The LORD is a refuge for the oppressed, a stronghold in times of trouble.
— Psalm 9:9
By Trevor Freeze
The conditions are worsening.
That’s the first observation from Jack Munday, director of the Billy Graham Rapid Response Team, as he returned to Japan this week.
Not as much the physical conditions, which are in some parts of northern Japan as bad as ever, but the emotional condition of the Japanese souls.
“It appears to me the trauma and grief is enhancing,” said Munday. “It gets old pretty quick.”
And conditions getting old seems to be the new normal in places like Sendai and Sapporo, two areas Munday traveled to this week to train pastors and church leaders in the BGEA Grief and Crisis Training as the people continue to struggle in the devastation of the March 11 earthquake and tsunamis.
Munday trained 27 church leaders on Monday in Osaka, many who will train other pastors and church leaders in Sendai and northern Japan in how to implement the Grief and Crisis Training to the hurting people in their part of Japan.
“They have no source of comfort, no source of hope,” Munday said. “...The Rapid Response Team’s role at this point is the Grief and Crisis Training.
“Our mission is to train and equip the Japanese people to do the work of the ministry through the local churches.”
And there is an abundance of work to do. But along with great needs comes a greater awareness of the need for Jesus and there is an openness in Japan to hearing about Christ that hasn’t been seen in 20 years.
“We are witnessing unique opportunities for evangelism as the hearts of people are now opened to the Gospel as never before,” said Chad Hammond, BGEA Associate Director of Asian Affairs. “This has been one positive result out of a very horrific situation.”

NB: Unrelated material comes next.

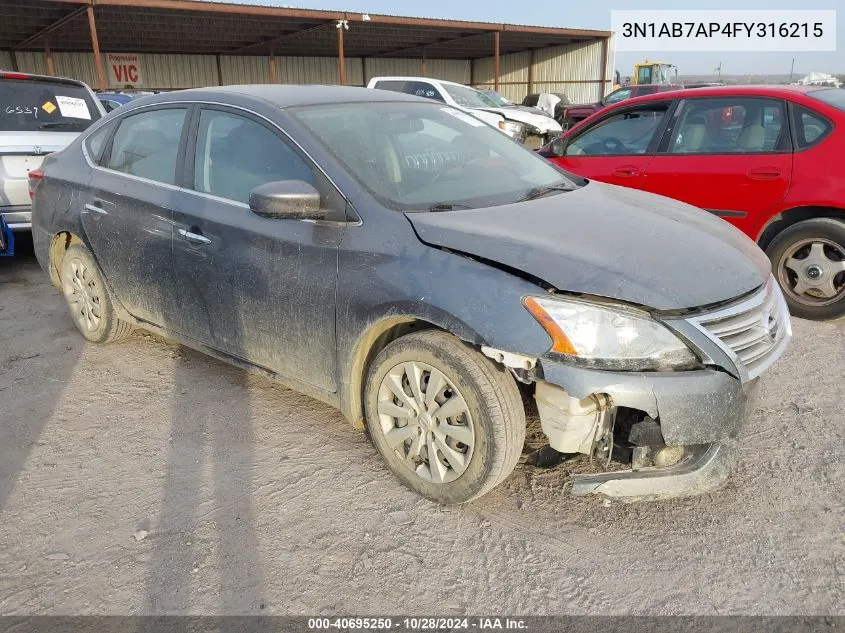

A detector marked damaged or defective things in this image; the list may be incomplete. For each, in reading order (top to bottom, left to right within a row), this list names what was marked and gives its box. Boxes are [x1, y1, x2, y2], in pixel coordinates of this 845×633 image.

damaged nissan sentra [29, 86, 788, 504]
broken headlight [520, 296, 700, 370]
cracked front bumper [536, 360, 760, 504]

An important slice of ministry that often goes unnoticed is the desperate recharge and rejuvenation needs of the pastors themselves who are busy ministering to their congregations.
So on Thursday afternoon, BGEA lead the first pastor’s retreat in Sendai, which ministered to 18 pastors and their families. A time of scripture reading and devotions was followed by smaller groups discussing the trials and blessings they have been dealing with including:
- Many new church visitors
- Becoming homeless and experiencing God’s faithfulness
- Awareness of new ways to serve God
- Increased busy schedules helping neighbors
- Increased focus on the Gospel ministry
- Trusting the Lord daily
- Increased prayer life
- Intense grief over losing a child in the tsunami
- Realization of how you can live with nothing
These pastor’s retreats will continue at least once and possibly several times a month through the year.
“This is a critical piece as we know that during disasters, such as Hurricane Katrina and others, it really takes a toll on the local churches,” Munday said. “They exhaust their resources to help provide for the community. It makes it very difficult for a pastor to continue their role as pastor of the church.”
‘Resilient in Christ’
Resilience is nothing new in the Japan fabric. Sometimes, however, people are resilient to the point of not being vulnerable.
But that is changing.
“I had asked the pastors and their spouses if they would be willing to share their stories,” Munday said. “Quite frankly, I was anticipating they would share briefly with our understanding of the Japanese culture.
“But it was quite the contrast. These pastors and leaders were very open sharing a deep pain and suffering they have experienced. And for nine of them sharing, it was an hour and a half later and they were still sharing.”
Still, there is a spiritual resilience that Munday has seen at times that nearly leaves him speechless.
In one instance, he visited a house of a family that was preparing to start a home church. The tsunami had flooded the house up to the second floor, first-floor windows were shattered and several feet of sea weed, mud and other debris filled the house.
On top of the mess, 36 of the people they were serving in their community died in the tsunami and another seven bodies had yet to be found.
“But they were resilient in Christ,” Munday said. “They were motivated to get their house cleaned up so they could open doors to serve Christ.”
It’s just one of countless examples of how God is using this disaster to bring people closer to Him.
“I just encourage them that time is of the essence. We’re in a window of need,” Munday said. “I believe the wind of the Holy Spirit is at our back.”